Patient Nudges: Can Predictive Analytics Alter Patient Decisions?
Discussant: Abraham Asfaw
I analyze six years of healthcare claims data on roughly 40,000 employees from a large company who manages their healthcare expenditures. In the sixth year of this dataset, the company launched healthcare nudge campaigns targeting conditions that can be actively managed to mitigate downstream costs in acute care settings. The campaigns were targeted to individual employees based upon their actual healthcare claims histories, and focused on pain management (e.g., lower back, hip, and knee), primary care services, emergency room mitigation, weight management (e.g., encouraging weight appraisals), diabetes management, encouraging colonoscopies, and cardiac care management.
The natural experiment emerged when an unexpected re-organization halted the launch of the nudge programs for about one quarter of the company. This shock was exogenous to the individual employee traits on which these programs were triggered and created control groups (comprised of individuals who would have otherwise been targeted for each of the campaigns) necessary to evaluate the effect of these nudges on employee decisions about preventative health services.

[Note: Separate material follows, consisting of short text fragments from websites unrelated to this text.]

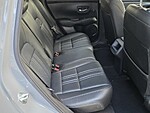 Used 2026 Honda HR-V EX-L in DAVIE, FLORIDA (Photo 15)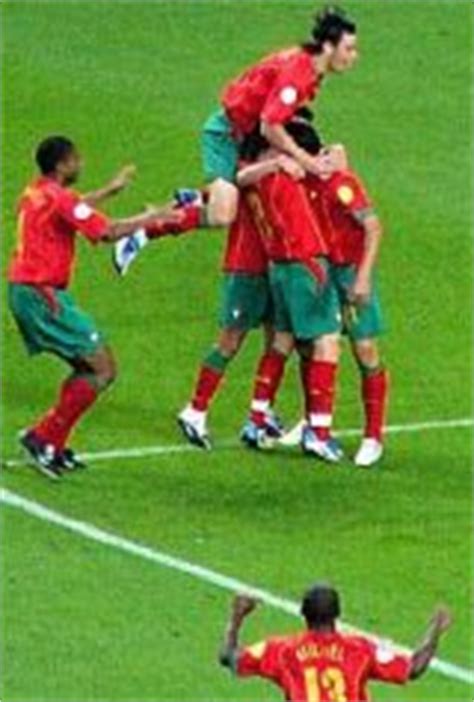 Nationalmannschaft portugal auf einen blick: Portugal - Nationalmannschaft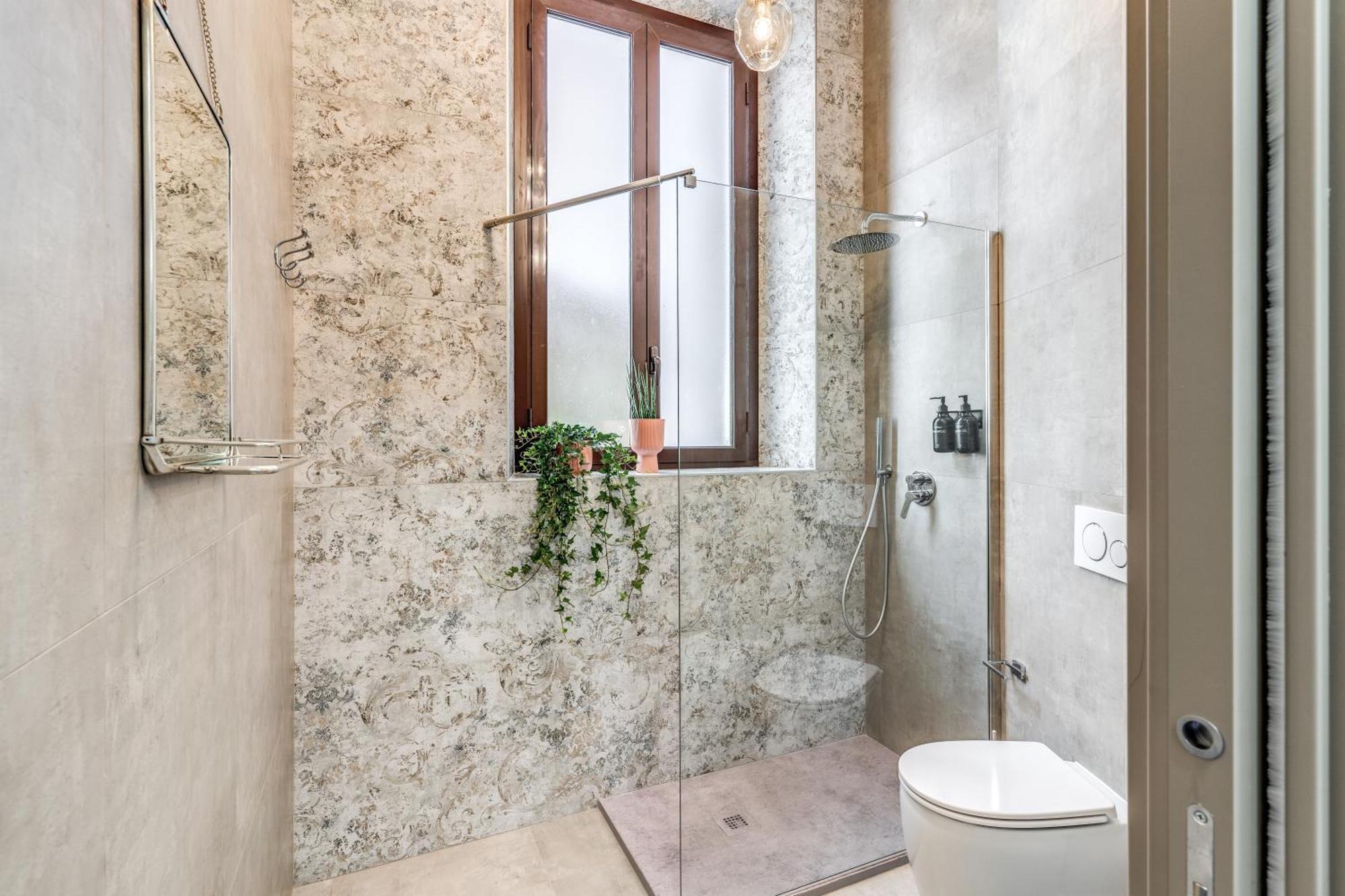 רומא Corso Miracle Suite מראה חיצוני תמונה
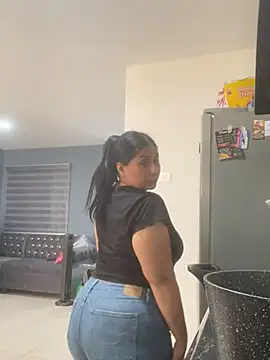 valentinesexx online show from 24, 12, 2024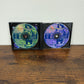 (1996) Thunderdome "The Best Of" (3xCD)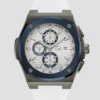 Gc Multi-Tone Multifunction Watch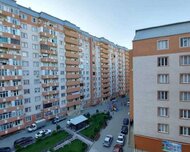 Suraxanı rayonu , Yeni Günəşli qəs., 2 otaq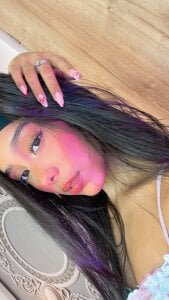 abby_adams20 Hello u Pic 2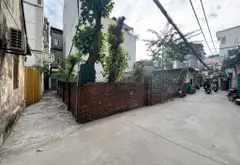 Lô Đất Góc Vàng Mặt Phố - Cơ Hội Vàng Cho Nhà Đầu Tư... Bán đất tại Hà Đông, Hà Nội 03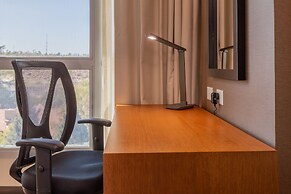 Hilton Garden Inn Neuquen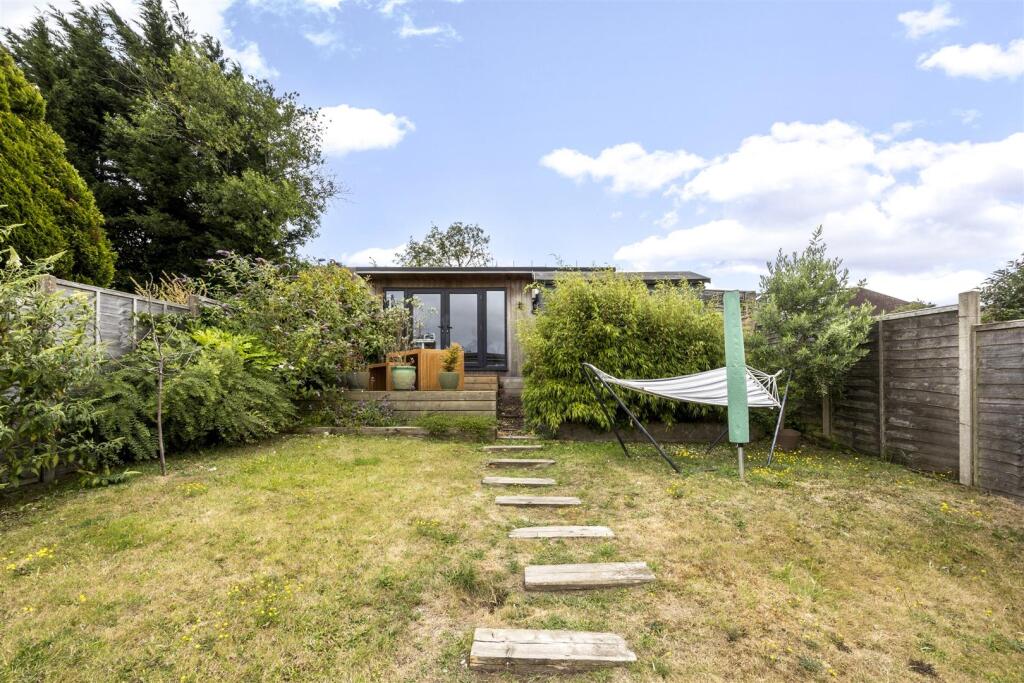 Additional image 22 of Westfield Crescent, Patcham, Brighton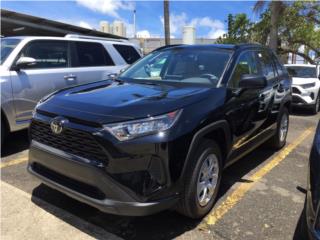 Pepe Abad Toyota Puerto Rico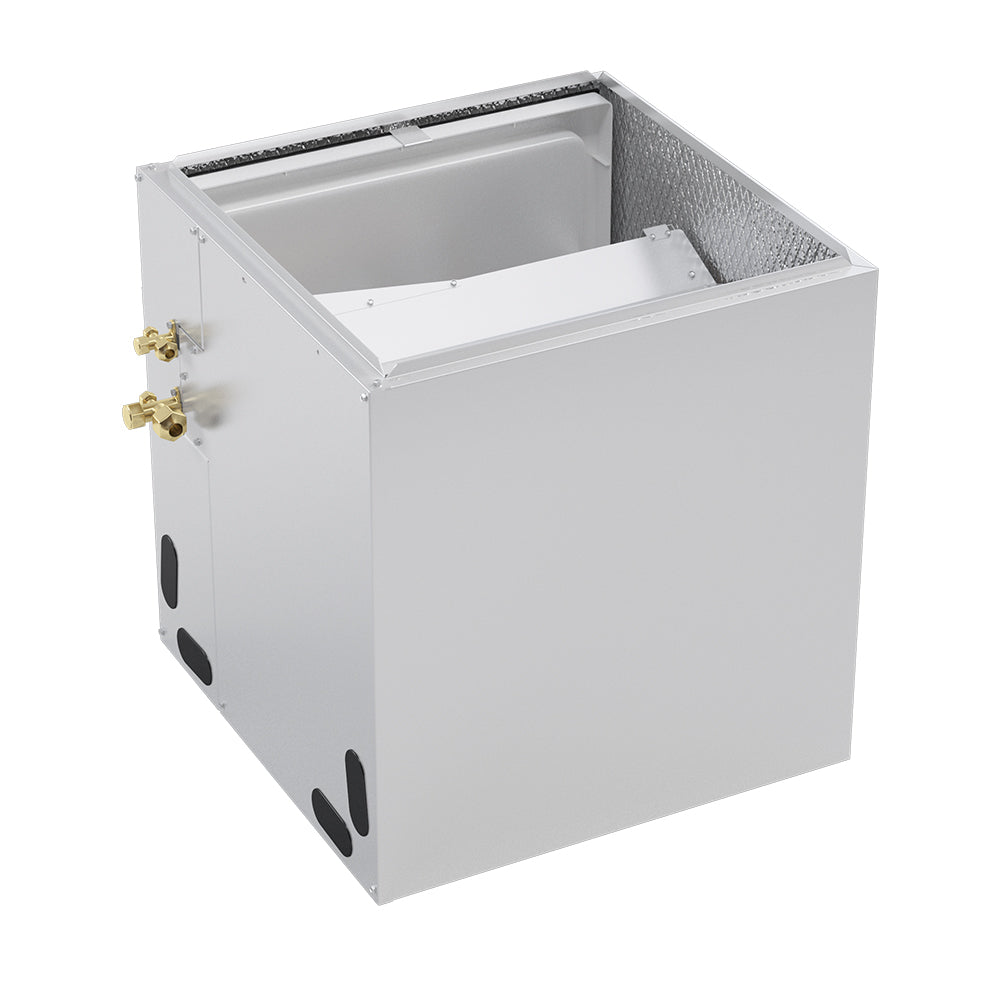 Universal Series A-Coil (5-Ton, 17 SEER)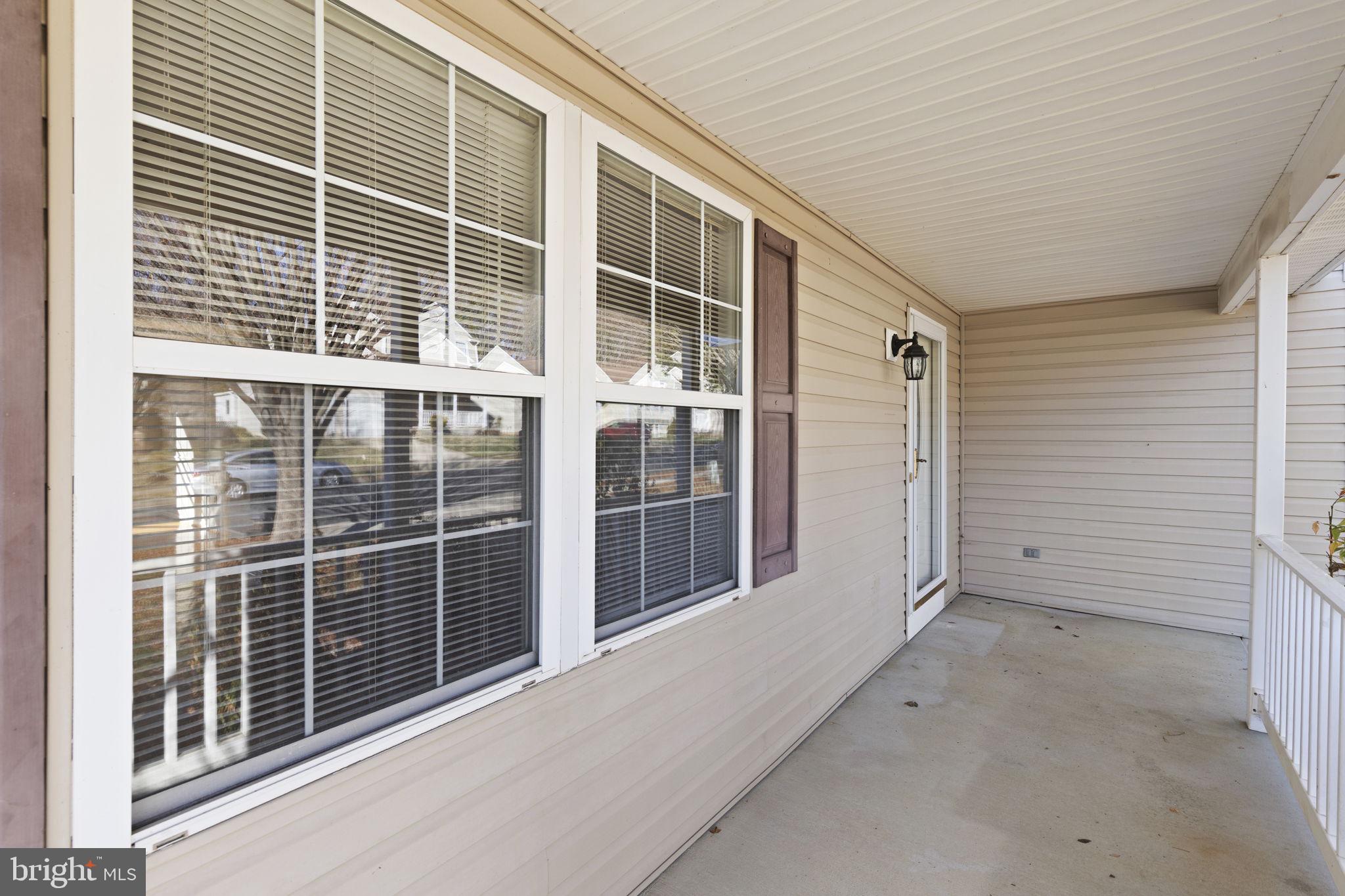 LENNINGS KNOLL - Residential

Preliminary results using an event study and differences-in-differences design and controlling for employee risk scores, various fixed effects, and group-specific time trends suggest that the program significantly increased some basic ambulatory services. These services include lower back pain related physician visits, physical therapy sessions, chiropractic care, and drug prescriptions, as well as weight appraisals and visits for diabetes management. However, these nudge campaigns do not appear to have reduced the short-run occurrences or costs of related downstream acute care services such as back injections, back surgeries, heart attacks, heart surgeries, diabetes-related hospital visits, or diabetes surgeries.